> Work to be completed
No pictures should be carried over. Output all other parts of the entries verbatim.

Data provided START

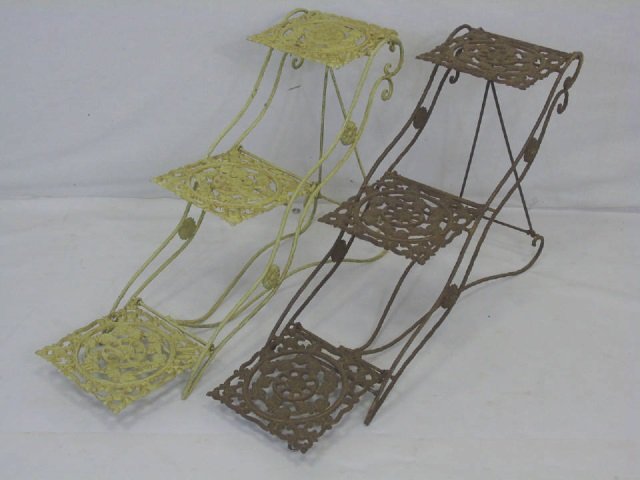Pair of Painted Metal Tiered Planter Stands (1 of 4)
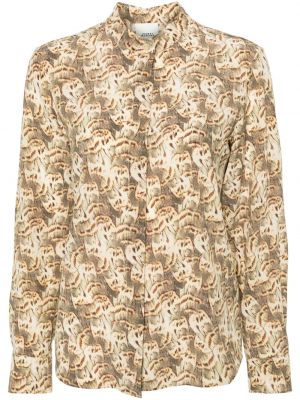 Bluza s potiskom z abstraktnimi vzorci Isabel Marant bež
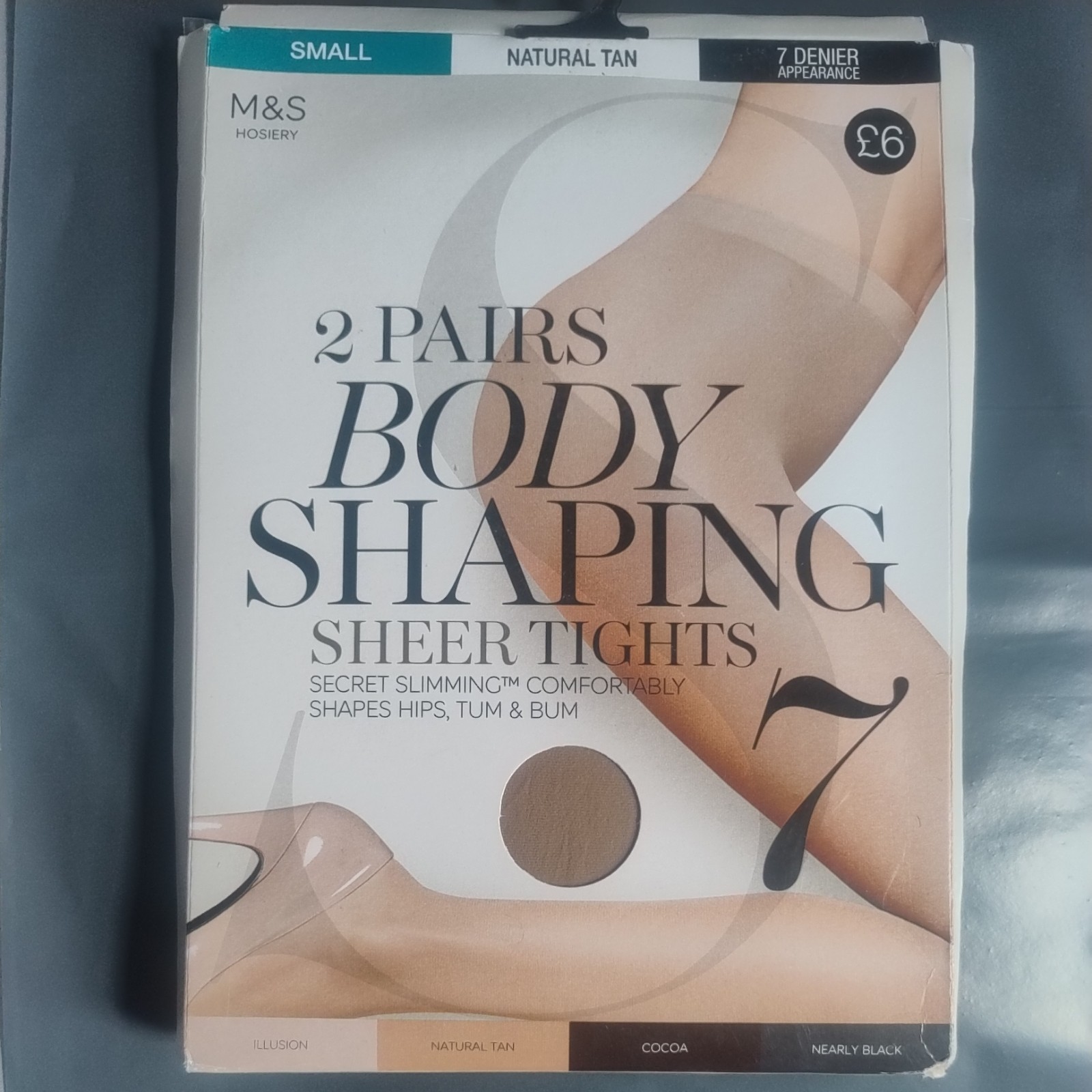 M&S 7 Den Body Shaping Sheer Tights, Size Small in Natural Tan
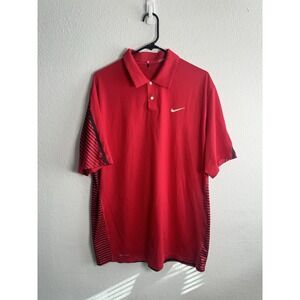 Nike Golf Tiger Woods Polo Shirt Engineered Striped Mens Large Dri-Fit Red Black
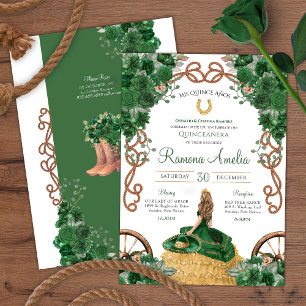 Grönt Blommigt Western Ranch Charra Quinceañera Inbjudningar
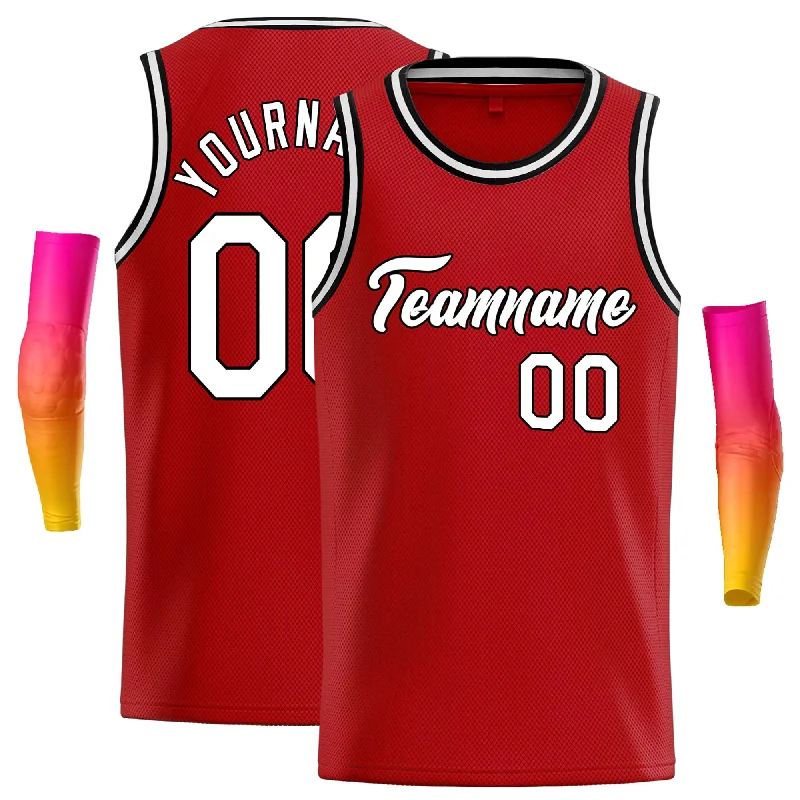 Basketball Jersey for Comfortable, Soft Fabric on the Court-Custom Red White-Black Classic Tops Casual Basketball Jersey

Data provided END

> Exercise output
Pair of Painted Metal Tiered Planter Stands (1 of 4)
 Bluza s potiskom z abstraktnimi vzorci Isabel Marant bež
 M&S 7 Den Body Shaping Sheer Tights, Size Small in Natural Tan
 Nike Golf Tiger Woods Polo Shirt Engineered Striped Mens Large Dri-Fit Red Black
 Grönt Blommigt Western Ranch Charra Quinceañera Inbjudningar
 Basketball Jersey for Comfortable, Soft Fabric on the Court-Custom Red White-Black Classic Tops Casual Basketball Jersey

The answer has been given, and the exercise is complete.